(Germany 1897 – 1966)
23.0 x 16.8 cm image; 23.9 x 18.0 cm sheet
‘There is an urgent need to examine old opinions and look at things from a new viewpoint. There must be an increase in the joy one takes in an object, and the photographer should become fully conscious of the splendid fidelity of reproduction made possible by his technique.’ Albert Renger-Patzsch 1928 1
Renger-Patzsch grew up in the beautiful baroque city of Würzburg, Germany. His father was a musician and a keen amateur photographer. The young Renger-Patzsch originally wanted to be a scientist and studied chemistry, but caught his father’s passion for photography and eventually turned his hand to the scientific documentation of nature. Folkwang Auriga publishing house, which had employed him as an archivist, gave him a chance to provide the photographs for a series of books, The world of plants, launching his career. He never regarded what he was doing as art and was very particular that his work was simply to be as accurate and observant as possible in revealing the hidden marvels of natural form.
One of the most influential of the books of photographs he published was Die ‘Welt ist Schön’ (‘The world is beautiful’) 1928. This is an extraordinary collection of closely observed details of natural and created objects, including flowers, minerals, buildings and machines, drawing our attention to the beauty of things on a scale that would normally be missed. His original idea for a title was ‘Die Dinge’ (‘Things’) and he was distressed by the publisher’s marketing decision to change it to ‘the world is beautiful’ which gives the images an affective slant that was diametrically opposed to his philosophy. The life of things was what the camera brought out and while for us this might have a poetry comparable to that of Rainer Maria Rilke, for Renger-Patzsch it was enough that it made things visible to us in a new way.

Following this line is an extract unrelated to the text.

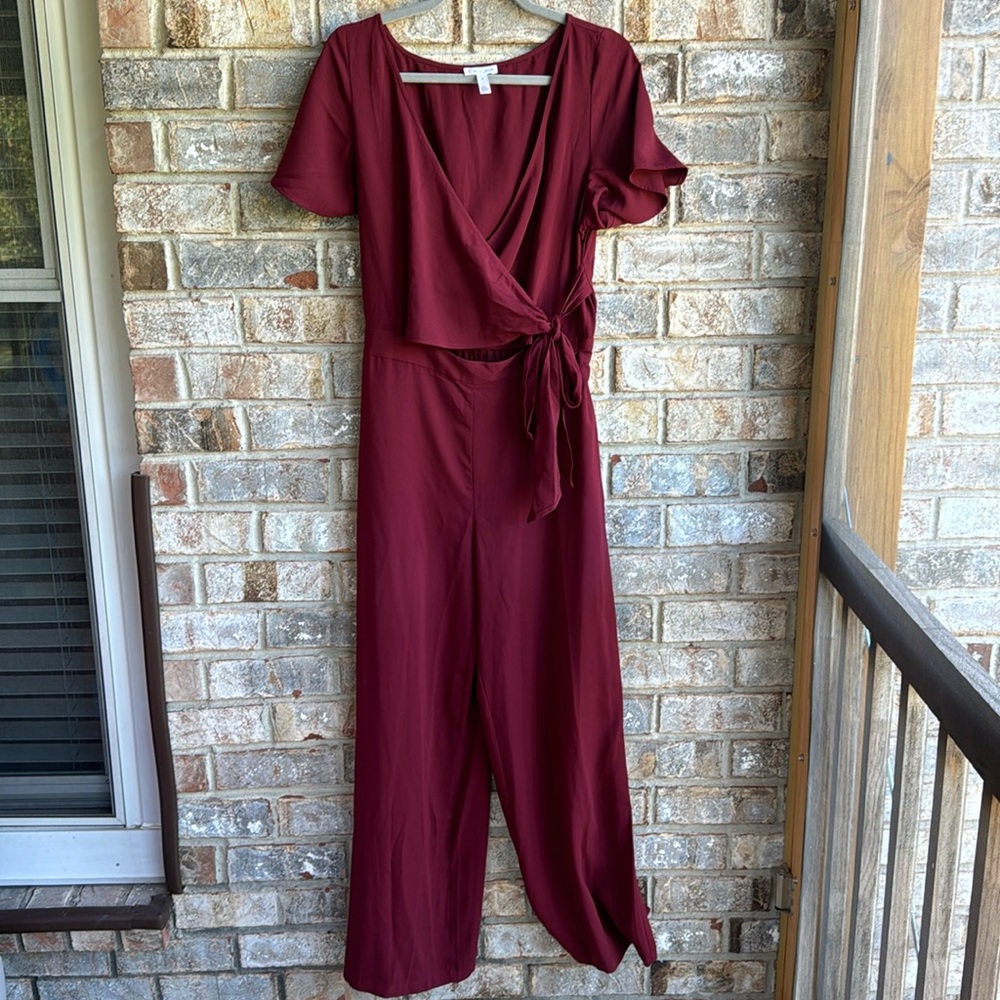 Leith faux wrap, jumpsuit burgundy,/ wine color. elastic in back waist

This photograph of the cactus Euphorbia grandicornis was included in ‘Die Welt ist Schön’ and typifies the close framing and cool scientific eye that Renger-Patzsch valued above all. It is possible to see in this kind of image the German commitment to order and clarity which also runs through late 20th-century photography.
1. Renger-Patzsch A 1928, ‘Joy before the object’, in Phillips C ed 1989, ‘Photography in the modern era: European documents and critical writings, 1913–1940’, Metropolitan Museum of Art, New York/Aperture, New York pp 108–09
© Art Gallery of New South Wales Photography Collection Handbook, 2007
Anthony Bond, Photography: Art Gallery of New South Wales Collection, 'International modernism', pg.93-111, Sydney, 2007, 107 (illus.).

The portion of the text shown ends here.